Robert Redford's 'All is Lost' isn't the only one-man movie of the year. And there's more to come.
It's been years since we've had a good solo adventure, and now two come along at once. With Gravity still in the box office charts, All Is Lost is just arriving in cinemas (read our review here). For other examples, you have to go back to 2009 for Moon (Sam Rockwell in an abandoned moon base) or even further to 2000's Cast Away (Tom Hanks on an island with a volleyball). Please don't mention 2010's Buried (Ryan Reynolds in a box) or 2012's Brake (Stephen Dorff in a car boot).
Robert Redford in 'All is Lost'
Both Gravity and All Is Lost have essentially the same plot, following a single character - played by awards contenders Sandra Bullock and Robert Redford, respectively- in a series of life-or-death moments that have us on the edge of our seats. Both plots are more than a little contrived, but they make up for it with bravura filmmaking.
Studios don't make these kinds of movies because it's cheaper to film without all those pesky costars. They green-light these films because they're passion projects made by first-rate filmmakers who know what they're doing. And the concepts are so simple that even an impatient Hollywood executive can understand them.
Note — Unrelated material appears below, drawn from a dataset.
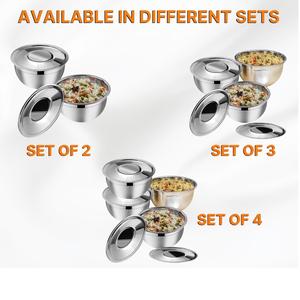 Bol à fruits fait main avec un nouveau design écologique Vaisselle personnalisée en acier inoxydable pour la maison, l'hôtel et la restauration en gros - Product Image 6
So is this a new trend, or a one-off convergence of two similar films (like Armageddon and Deep Impact in 1998, or Olympus Has Fallen and White House Down earlier this year)? Well there's another one doing the festival rounds: Tom Hardy is the lone man on screen in Locke, a new film from Steven Knight (Hummingbird/Redemption) that takes place entirely in a car over a 90-minute drive down an English motorway. Like Bullock and Redford, Hardy is someone who's easy to watch for 90-minutes straight. But who will be next?